- [LISTED ENTRIES]
=== Begin Enclosure ===
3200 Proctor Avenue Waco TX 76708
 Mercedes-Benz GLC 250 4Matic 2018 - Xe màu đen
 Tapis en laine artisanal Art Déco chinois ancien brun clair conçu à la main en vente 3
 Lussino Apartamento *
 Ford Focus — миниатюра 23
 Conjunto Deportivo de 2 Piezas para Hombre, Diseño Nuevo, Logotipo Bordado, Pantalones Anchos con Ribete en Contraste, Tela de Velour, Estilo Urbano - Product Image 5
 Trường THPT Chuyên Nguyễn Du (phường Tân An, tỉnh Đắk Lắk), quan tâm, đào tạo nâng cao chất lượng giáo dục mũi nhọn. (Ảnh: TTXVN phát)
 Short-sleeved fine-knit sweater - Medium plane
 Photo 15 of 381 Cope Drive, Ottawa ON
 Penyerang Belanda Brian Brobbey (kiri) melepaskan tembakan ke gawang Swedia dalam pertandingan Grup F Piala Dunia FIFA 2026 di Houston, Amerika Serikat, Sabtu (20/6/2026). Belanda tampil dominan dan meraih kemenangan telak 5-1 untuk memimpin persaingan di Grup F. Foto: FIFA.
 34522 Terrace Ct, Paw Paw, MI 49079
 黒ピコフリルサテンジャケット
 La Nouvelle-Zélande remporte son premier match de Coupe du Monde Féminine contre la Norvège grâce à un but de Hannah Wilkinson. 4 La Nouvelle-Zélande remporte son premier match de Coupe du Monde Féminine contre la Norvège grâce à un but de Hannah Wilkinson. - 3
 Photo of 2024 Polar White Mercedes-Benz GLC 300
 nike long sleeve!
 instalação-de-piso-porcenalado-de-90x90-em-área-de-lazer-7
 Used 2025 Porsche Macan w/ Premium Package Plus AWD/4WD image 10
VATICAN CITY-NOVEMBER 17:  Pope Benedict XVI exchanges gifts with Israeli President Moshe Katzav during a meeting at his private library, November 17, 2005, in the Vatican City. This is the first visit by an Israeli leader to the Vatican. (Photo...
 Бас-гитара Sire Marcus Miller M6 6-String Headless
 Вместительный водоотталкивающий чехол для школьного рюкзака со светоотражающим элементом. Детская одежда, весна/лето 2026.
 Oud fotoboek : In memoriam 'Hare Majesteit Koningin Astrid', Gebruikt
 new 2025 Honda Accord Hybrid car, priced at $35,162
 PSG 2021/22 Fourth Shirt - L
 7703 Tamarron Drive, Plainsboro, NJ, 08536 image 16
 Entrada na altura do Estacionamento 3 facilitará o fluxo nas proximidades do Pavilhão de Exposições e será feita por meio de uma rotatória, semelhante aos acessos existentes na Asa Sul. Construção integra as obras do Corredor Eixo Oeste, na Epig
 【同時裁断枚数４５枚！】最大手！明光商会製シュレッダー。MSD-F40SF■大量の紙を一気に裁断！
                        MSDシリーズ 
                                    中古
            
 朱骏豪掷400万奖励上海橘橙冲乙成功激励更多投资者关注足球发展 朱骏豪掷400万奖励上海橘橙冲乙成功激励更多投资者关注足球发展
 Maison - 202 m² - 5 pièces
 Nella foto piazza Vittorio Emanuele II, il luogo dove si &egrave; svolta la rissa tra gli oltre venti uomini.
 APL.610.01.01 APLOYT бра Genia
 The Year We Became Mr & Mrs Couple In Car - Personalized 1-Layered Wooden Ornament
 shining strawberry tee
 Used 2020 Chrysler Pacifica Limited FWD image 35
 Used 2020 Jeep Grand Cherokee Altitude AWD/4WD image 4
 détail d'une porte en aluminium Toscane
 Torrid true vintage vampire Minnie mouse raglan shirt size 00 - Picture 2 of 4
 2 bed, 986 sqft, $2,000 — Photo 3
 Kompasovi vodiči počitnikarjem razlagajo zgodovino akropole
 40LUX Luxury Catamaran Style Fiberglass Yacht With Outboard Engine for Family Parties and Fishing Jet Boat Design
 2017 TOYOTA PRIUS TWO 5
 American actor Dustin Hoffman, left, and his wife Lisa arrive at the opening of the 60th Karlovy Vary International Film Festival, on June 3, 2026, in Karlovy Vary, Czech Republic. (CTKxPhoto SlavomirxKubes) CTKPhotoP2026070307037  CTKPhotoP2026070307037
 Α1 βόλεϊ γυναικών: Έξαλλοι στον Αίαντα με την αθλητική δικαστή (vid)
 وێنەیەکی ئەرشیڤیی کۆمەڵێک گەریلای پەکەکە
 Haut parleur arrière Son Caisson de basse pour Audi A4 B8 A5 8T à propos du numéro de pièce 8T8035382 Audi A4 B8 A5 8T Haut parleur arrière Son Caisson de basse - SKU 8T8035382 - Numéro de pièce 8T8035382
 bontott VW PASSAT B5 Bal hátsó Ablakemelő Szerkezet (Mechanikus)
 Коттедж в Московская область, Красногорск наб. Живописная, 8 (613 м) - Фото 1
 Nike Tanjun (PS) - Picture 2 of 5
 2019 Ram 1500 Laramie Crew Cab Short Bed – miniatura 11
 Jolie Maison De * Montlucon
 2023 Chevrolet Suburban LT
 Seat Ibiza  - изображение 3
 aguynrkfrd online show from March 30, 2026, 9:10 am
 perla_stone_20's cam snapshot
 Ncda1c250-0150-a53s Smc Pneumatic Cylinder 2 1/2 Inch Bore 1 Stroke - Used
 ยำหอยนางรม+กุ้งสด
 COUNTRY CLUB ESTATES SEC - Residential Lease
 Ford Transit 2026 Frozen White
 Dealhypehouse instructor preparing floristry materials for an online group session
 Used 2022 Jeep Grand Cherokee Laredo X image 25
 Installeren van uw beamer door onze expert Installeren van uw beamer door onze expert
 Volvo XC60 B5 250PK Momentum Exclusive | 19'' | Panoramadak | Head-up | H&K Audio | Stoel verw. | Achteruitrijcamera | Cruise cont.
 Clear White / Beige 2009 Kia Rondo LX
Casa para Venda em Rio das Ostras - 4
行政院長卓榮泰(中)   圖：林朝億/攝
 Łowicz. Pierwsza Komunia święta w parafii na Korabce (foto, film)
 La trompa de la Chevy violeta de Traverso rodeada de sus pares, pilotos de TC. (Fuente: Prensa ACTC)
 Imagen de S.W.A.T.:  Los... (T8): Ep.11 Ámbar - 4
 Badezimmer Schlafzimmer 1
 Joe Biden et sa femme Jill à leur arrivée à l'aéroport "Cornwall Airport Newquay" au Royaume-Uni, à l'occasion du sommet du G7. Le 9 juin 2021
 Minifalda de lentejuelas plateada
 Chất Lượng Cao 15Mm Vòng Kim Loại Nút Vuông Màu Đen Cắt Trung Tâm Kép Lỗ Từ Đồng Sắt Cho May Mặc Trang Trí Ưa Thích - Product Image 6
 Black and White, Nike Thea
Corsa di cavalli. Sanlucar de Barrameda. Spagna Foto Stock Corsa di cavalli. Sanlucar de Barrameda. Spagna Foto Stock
=== End Enclosure ===
- [PROBLEM]
Each line in the entries above, starting at the line with "new 2025 Honda" and ending at the line with "7703 Tamarron Drive, Plainsboro, NJ, 08536", is to be printed exactly, and only those lines.

- [RESPONSE]
 new 2025 Honda Accord Hybrid car, priced at $35,162
 PSG 2021/22 Fourth Shirt - L
 7703 Tamarron Drive, Plainsboro, NJ, 08536 image 16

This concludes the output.